Biggest Story of the Half-Year: Francis Ngannou leaves UFC, signs with PFL
Lee: It wasn’t the earth-shattering free agent move that one would hope for, but Francis Ngannou joining the PFL is still one of the most significant signings in MMA history.
The UFC can try to paint over the title all they want, but Ngannou is the lineal heavyweight champion and still “The Baddest Man on the Planet,” even with Jon Jones conveniently returning to claim a UFC belt in Ngannou’s absence. With respect to the PFL’s seasonal champions, this is the first time they can credibly claim that they have the No. 1 fighter in a division.
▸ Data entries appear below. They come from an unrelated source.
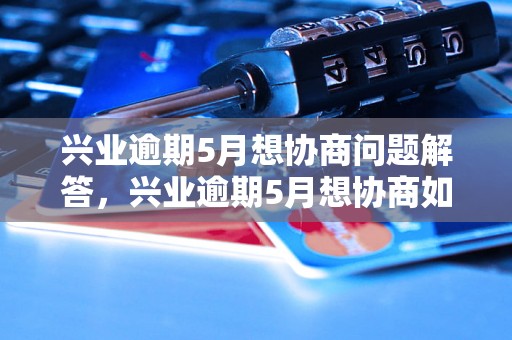 兴业逾期5月想协商问题解答，兴业逾期5月想协商如何处理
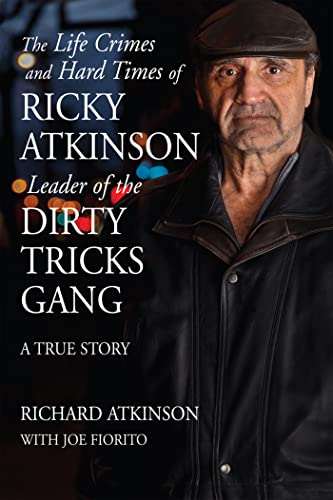 The Life Crimes and Hard Times of Ricky Atkinson, Leader of the Dirty Tricks Gang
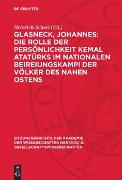 Glasneck, Johannes: Die Rolle der Persönlichkeit Kemal Atatürks im nationalen Beireiungskampi der Völker des Nahen Ostens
You can count on one hand the amount of times a star of Ngannou’s caliber left the the UFC at their peak.
More importantly, Ngannou campaigned for his freedom from the promotion and won, sitting out the final year of his contract and refusing to budge from his demands that included the option to pursue boxing bookings and an executive role with the promotion. PFL delivered, which is huge for any fighter weighing their options outside of the UFC.
That’s not to say that the UFC is losing too much sleep over losing Ngannou (that promotion is a money train that continues to chug along without delay) and there are still plenty of questions surrounding the actual impact of the deal (who will Ngannou actually fight? what realistic boxing opportunities are out there for him? what exactly is PFL Africa?), but this feels like an important step forward for the business of MMA, one that was long overdue.
Any free agent fighters that manage to secure game-changing clauses and conditions in their future contracts will owe at least a small debt of gratitude to Ngannou.
Disgrace of the Half-Year: Dana White
Meshew: Everything else has been pretty happy so I wanted to bring the vibes all the way down by reminding everyone that to kick start the year, Dana White got caught slapping his wife. To his small credit, White owned up to it and made no defense of his actions, but six months later there has still been no substantive recourse. No donation was made to a charity, no PSA given, no suspension by Endeavor, not even a statement from ESPN decrying the action. In literally any other sport, at the minimum a statement would be made, a cursory suspension served, something to make it clear the action cannot be tolerated. Instead, the whole thing gets hand-waved and it’s an afterthought 6 months later.
It just goes to show you that for as far as MMA has come over the years, there’s still a long way to go.